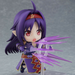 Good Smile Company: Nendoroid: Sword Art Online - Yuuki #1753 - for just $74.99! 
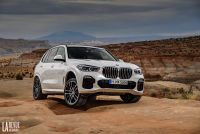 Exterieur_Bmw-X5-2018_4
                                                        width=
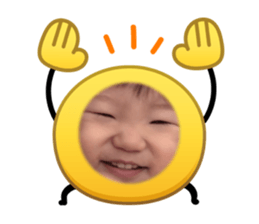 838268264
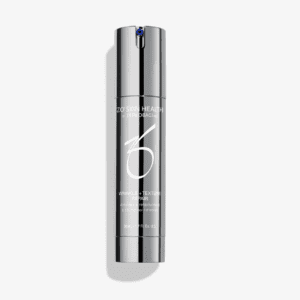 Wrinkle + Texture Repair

...

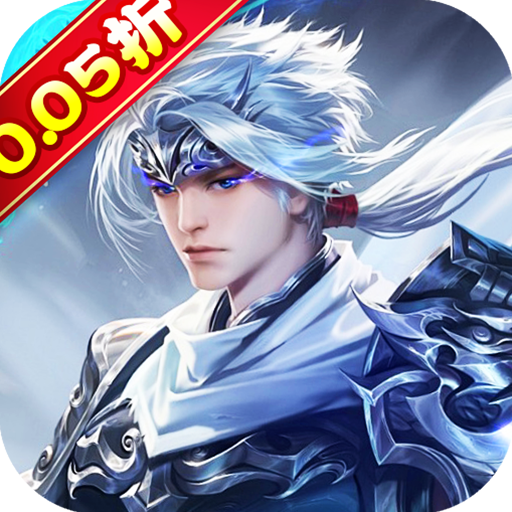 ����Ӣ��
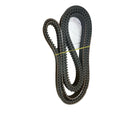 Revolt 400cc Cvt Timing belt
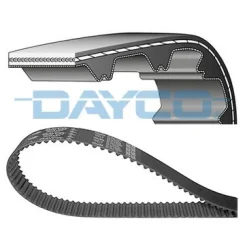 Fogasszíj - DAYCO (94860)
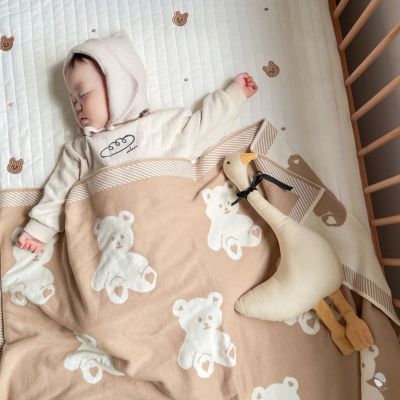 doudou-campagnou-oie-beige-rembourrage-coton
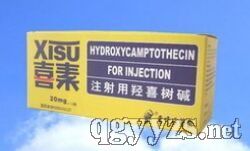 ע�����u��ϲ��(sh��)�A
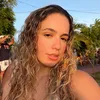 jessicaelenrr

▶ Exercise details:
All that should be printed is the run of lines above from the one with "Good Smile Company: Nendoroid: Sword" through the one with "Wrinkle + Texture Repair", both included, exactly as given, with pictures left out.

▶ Expected answer:
 Good Smile Company: Nendoroid: Sword Art Online - Yuuki #1753 - for just $74.99! 
 Exterieur_Bmw-X5-2018_4
                                                        width=
 838268264
 Wrinkle + Texture Repair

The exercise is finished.